Prognosis is primarily determined by genetic and molecular features rather than stage alone. The CLL International Prognostic Index (CLL-IPI) combines five factors to divide patients into four risk groups: IGHV mutation status, TP53 status, age, clinical stage, and the blood level of a protein called beta-2 microglobulin (B2M). Patients in the low-risk group have a 10-year overall survival of approximately 80%, while those in the very-high-risk group have a 10-year survival of approximately 20% with older treatment approaches. Importantly, the introduction of BTK inhibitors and venetoclax-based regimens has substantially improved outcomes even for high-risk patients, including those with 17p deletion or TP53 mutation who previously had very poor responses to chemotherapy.

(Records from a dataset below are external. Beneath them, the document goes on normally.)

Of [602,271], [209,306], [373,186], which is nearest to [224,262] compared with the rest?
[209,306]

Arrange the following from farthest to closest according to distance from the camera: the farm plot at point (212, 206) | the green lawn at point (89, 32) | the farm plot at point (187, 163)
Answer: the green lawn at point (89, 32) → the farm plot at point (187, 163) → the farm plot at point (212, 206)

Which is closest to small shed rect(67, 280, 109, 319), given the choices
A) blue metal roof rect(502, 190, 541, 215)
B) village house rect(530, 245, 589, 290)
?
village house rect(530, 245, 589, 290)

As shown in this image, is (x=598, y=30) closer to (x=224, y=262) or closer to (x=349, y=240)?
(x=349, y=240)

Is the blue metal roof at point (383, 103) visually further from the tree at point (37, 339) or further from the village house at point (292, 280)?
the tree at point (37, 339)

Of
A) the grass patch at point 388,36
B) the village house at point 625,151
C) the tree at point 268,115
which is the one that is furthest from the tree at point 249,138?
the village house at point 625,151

What happens after the diagnosis?

Because CLL is typically slow-growing, most patients do not require immediate treatment at diagnosis. Active surveillance — watch and wait — is the standard initial approach for patients with early-stage disease (Rai 0–II or Binet A–B) who have no symptoms or signs of progressive disease and normal blood counts. During active surveillance, patients are seen regularly (typically every 3 to 6 months) for blood tests and physical examinations. Treatment is deferred until the disease meets established criteria, which include rapidly rising lymphocyte count, progressive enlargement of lymph nodes or spleen, worsening anemia or thrombocytopenia, or the development of significant disease-related symptoms.

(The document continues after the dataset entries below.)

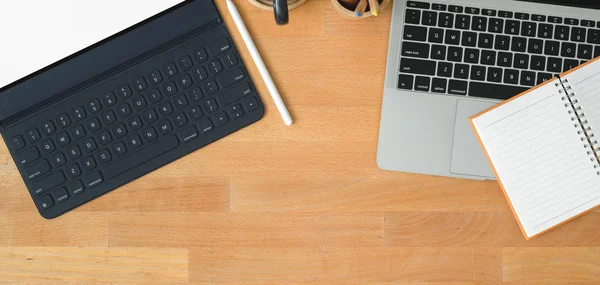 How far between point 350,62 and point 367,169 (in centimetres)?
15

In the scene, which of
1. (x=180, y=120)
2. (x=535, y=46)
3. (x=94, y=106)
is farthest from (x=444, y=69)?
(x=94, y=106)

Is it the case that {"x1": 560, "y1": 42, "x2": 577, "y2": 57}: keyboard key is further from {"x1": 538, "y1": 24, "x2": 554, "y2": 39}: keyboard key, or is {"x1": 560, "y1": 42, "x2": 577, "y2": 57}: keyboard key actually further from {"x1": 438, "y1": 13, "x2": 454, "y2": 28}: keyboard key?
{"x1": 438, "y1": 13, "x2": 454, "y2": 28}: keyboard key

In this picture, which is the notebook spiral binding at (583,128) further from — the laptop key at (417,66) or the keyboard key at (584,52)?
the laptop key at (417,66)

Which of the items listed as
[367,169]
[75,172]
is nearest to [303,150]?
[367,169]

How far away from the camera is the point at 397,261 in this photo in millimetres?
809

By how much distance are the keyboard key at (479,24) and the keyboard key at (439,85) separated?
3.3 inches

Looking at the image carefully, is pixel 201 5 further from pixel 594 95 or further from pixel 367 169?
pixel 594 95

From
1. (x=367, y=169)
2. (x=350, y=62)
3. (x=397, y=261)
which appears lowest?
(x=397, y=261)

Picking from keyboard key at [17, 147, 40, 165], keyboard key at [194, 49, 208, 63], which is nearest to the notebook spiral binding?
keyboard key at [194, 49, 208, 63]

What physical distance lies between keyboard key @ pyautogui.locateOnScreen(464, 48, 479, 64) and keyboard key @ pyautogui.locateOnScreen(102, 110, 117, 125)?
478 mm

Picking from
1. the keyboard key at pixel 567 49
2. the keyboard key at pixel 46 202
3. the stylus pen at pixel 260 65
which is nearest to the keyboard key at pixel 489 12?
the keyboard key at pixel 567 49

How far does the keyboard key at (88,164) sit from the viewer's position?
2.58 feet

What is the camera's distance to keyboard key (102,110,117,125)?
0.79 meters

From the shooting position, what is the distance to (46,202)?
786mm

When treatment is needed, the approach depends on the patient’s age, fitness, genetic features (particularly IGHV and TP53 status), and whether prior treatment has been given. The current standard first-line options include:

BTK inhibitors (ibrutinib, acalabrutinib, zanubrutinib) — oral tablets taken daily that block a protein called Bruton’s tyrosine kinase, which is essential for CLL cell survival. These are now among the most widely used treatments for CLL at all stages and are preferred for patients with 17p deletion or TP53 mutation.
Venetoclax plus obinutuzumab — a time-limited combination (typically 12 months) of venetoclax (a BCL2 inhibitor that removes the CLL cell’s protection against programmed cell death) and obinutuzumab (an anti-CD20 antibody). This regimen achieves high rates of deep remission, including undetectable minimal residual disease (MRD) in many patients.
Fludarabine, cyclophosphamide, and rituximab (FCR) — a chemoimmunotherapy combination that may be considered for younger, fit patients with IGHV-mutated CLL/SLL, in whom it can achieve durable long-term remissions. It is generally not used in patients with 17p deletion or TP53 mutation.

The treatment landscape for CLL continues to evolve rapidly, and clinical trial participation is an important option for many patients. Your care team will recommend the most appropriate approach for your individual situation based on your genetic profile, stage, and overall health.

Questions to ask your doctor

Do I have CLL in the blood, SLL in the lymph nodes, or both — and does the distinction change anything about my management?
What was my B cell count on the blood test, and what does that tell you about the extent of the disease?
Was FISH testing performed, and what chromosomal changes were found — particularly, was 17p deletion detected?
Was TP53 mutation sequencing performed in addition to FISH?
What is my IGHV mutation status — mutated or unmutated — and what does that mean for my prognosis?
What is my Rai or Binet stage, and does my stage indicate I need treatment now, or can I be monitored?
What is my CLL-IPI score, and what risk group does it put me in?
If treatment is recommended, would you suggest a BTK inhibitor, venetoclax-based therapy, or another approach, and why?
What are the signs that the disease is progressing or transforming, and how quickly should I report them?
Do I have autoimmune complications — hemolytic anemia or immune thrombocytopenia — and how are they managed?
How will I be monitored during active surveillance, and how often should I have blood tests?
Are there clinical trials I should consider?